В отличие от лишенной любви мистификации инквизитора, решение Михаила, принятое под руководством Зосимы, отражает подлинную тайну. «Едва ли можно сказать, как именно на практике милосердие формирует рассудительность, ибо милосердие, участвуя в жизни Триединого Бога, по сути своей является даром, который не подвластен ни воле, ни разуму человека» [Pieper 1966: 37] (курсив мой. – П. К.).
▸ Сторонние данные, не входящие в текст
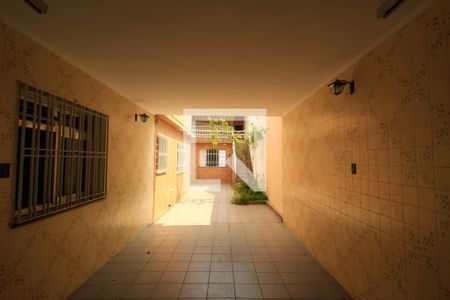 Garagem de casa para alugar com 4 quartos, 215m² em Vila Prudente, São Paulo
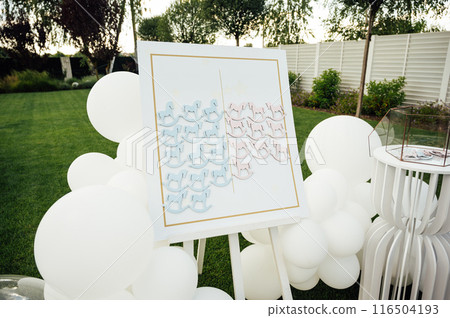 Board for determining the sex of the child. The choice is made by the guests of the pregnant family Board for determining the sex of the child. The choice is made by the guests of the pregnant family 116504193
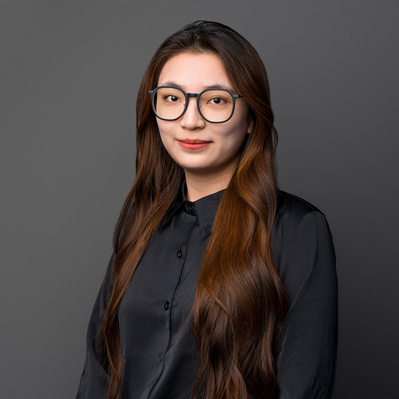 Washington DC headshot makeup artist, portrait of asian woman, High quality portrait makeup, professional makeup artist, experienced makeup artist, Natural headshot makeup by Kathleen McAteer, HMUA, MUA, DC Makeup, hairstylist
В драме Михаила и Зосимы читатель видит это коллективное «формирование рассудительности милосердием», представленное Достоевским в «иносказательной, художественной форме».
Реальность такого благодатного «формирования» истинна для Михаила, поскольку он признается Зосиме: «Но Господь мой поборол диавола в моем сердце. Знай, однако, что никогда ты не был ближе от смерти» [Достоевский 1972–1990, 14: 283]. «Высший реализм» Достоевского признает горизонтальное и вертикальное измерения реальности. Вертикальные и горизонтальные линии пересекаются, образуя крест – образ, центральный для инкарнационного реализма. Благодать нисходит в те безмолвные две минуты, когда два человека сидят вместе. Проникновенное слово – само оно вдохновлено «свыше» – произносит тот, кто желает другим добра, кто желает, чтобы другой обрел собственный голос. Как поясняет в своем комментарии Линч, аналогичным образом можно интерпретировать и благодать:
Самая лучшая и самая человеческая составляющая человека – это способность желать, говорить «я желаю»; одно из самых великолепных качеств внешнего мира, будь то вещи, Бог, учитель, родитель или врач, – это способность оказывать помощь таким образом, чтобы создать в других внутреннюю способность желать по-настоящему. Таким образом, благодать следует понимать как акт, посредством которого абсолютно внешняя и свободная реальность сообщается с абсолютно внутренним и свободным существованием. Богословие благодати говорит в основном об абсолютном действии и желании Бога; оно, как и все мы, должно больше говорить о другом абсолюте, с которым оно так глубоко связано, – об абсолютном действии и желании человека [Lynch 1965: 157]146.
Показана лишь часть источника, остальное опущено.